The newly-created agency, a restructure from the Energy Water and Sanitation Authority (EWSA) says it has the capacity to recoup the money it is owed.
"We will do anything in our capacity to recover the money and restore efficiency in serving Rwandans," said James Sano, head of WSC.
"Of course, we want to recover everything that there's, but we also know it's an uphill task," he added.
How the defaulters accumulated such an insurmountable amount is a question with no particular answer but one that the water body's head attributes to a mix of historical and current factors.
For instance, in the immediate after-mirth of the 1994 Genocide against the Tutsi when the country was undergoing liberation, a phenomenon arose "where people took over things," a practice that was locally nicknamed kubohoza.
"During that time, people took over houses that didn't belong to them and in the process also inherited bills that have not been paid up to now," said Sano.
But that was a countrywide phenomenon and it now means the Water and Sanitation Corporation must sort figures and know who to apportion which bills and for which period.
Sano said WSC is not recruiting any specialised agencies to go after defaulters but that for public institutions on their defaulters' list, they will petition the Ministry of Finance and Economic Planning to help push them to pay.
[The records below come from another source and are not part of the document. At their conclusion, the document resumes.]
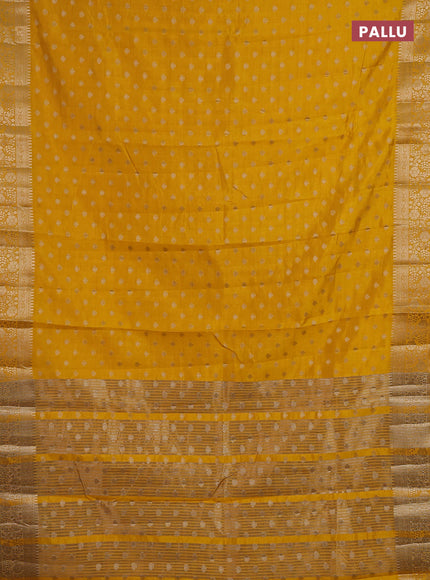 Semi raw silk saree yellow with allover zari woven 1000 buttas and zari woven border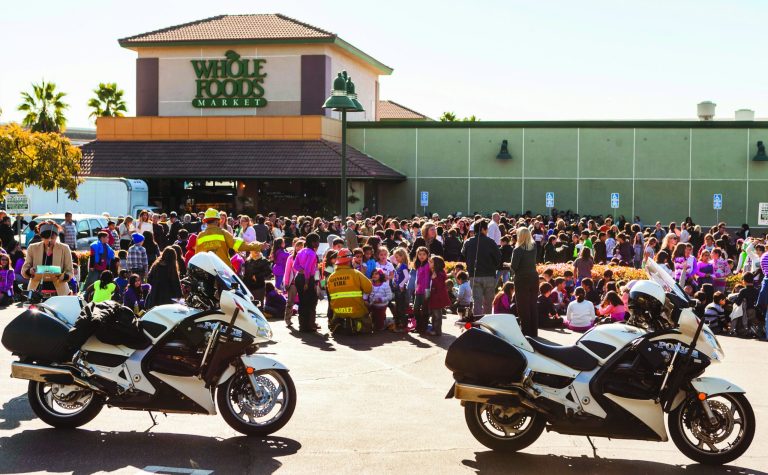 Glendale firemen hold up elementary school children on the parking lot waiting to reunite with their parents after their school was evacuated for a bomb threat in Glendale, Calif., Monday, Jan. 7, 2013. The bomb threat prompted the evacuation of hundreds of children from R.D. White Elementary School on Monday while police searched buildings to make sure the campus was safe. An anonymous caller phoned the school at around 8:30 a.m., and said there was a bomb at the campus, according to police Sgt. Tom Lorenz. (AP Photo/Damian Dovarganes)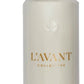 A white spray bottle labeled "L’Avant Collective" with a black nozzle from the Fresh Linen Scent Collection, known for its luxurious hand soaps and signature fresh linen fragrance.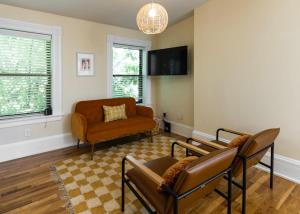 a living room with a couch and a chair at The Heart of OTR - Central studio apartment in Cincinnati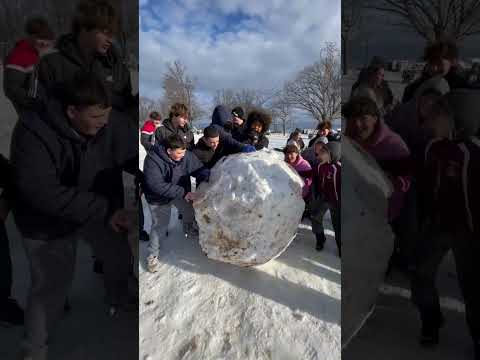 Giant Snow ball rolling down the hill!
When Rwanda Revenue Authority (RRA) wants to recover its taxes from dodgy taxpayers, the law allows them to seize bank accounts of defaulters, and now it appears the country's new water body wants to move in that direction.
There have also been complaints among sections of the public that water subscribers have not received their monthly bills for the past five months.
But Sano ruled this as non-informed categories of people "who never pay attention to public announcements."
"We have made this clear in the past through the media that users must pick their bills from their (EWSA) branches, proceed to banks to make payments and bring slips to our offices to prove payment, and this has been the practice since February," Sano said.
It would mean that many users who have been unaware of the development have sat back in their homes and waited for water agents to deliver bills, now they risk being disconnected for nonpayment.
A recent auditor's report had brought to light allegations that the former EWSA water section procured a faulty software programme, Oracle, which could calculate the amount of water dispensed but couldn't bill.
But Sano said they have no billing problems.
"We have a system that bills 100 per cent and we built the software locally without spending any money, we don't have any billing issues," he said.
Heavy fines for cheats:
Another long-standing habit has been scrupulous people who illegally tap into the water pipes and use services illegally causing heavy losses to the water company. Sano said they have devised a deterrent mechanism.
"We will fine up to Rwf1 million for anyone caught stealing water or tampering with our infrastructure. We are not joking," the new water chief warned.
But as Sano talked tough, consumers will be demanding for steady and regular supply unlike the ongoing situation of rationing water in various suburbs.
During dry season, the suppliers blame the drought for water cuts, and during heavy rains, that plants are buried under mud.
"We are making increasing production a top priority. We are investing in a number of projects whose results should be expected within a year from now," Sano says.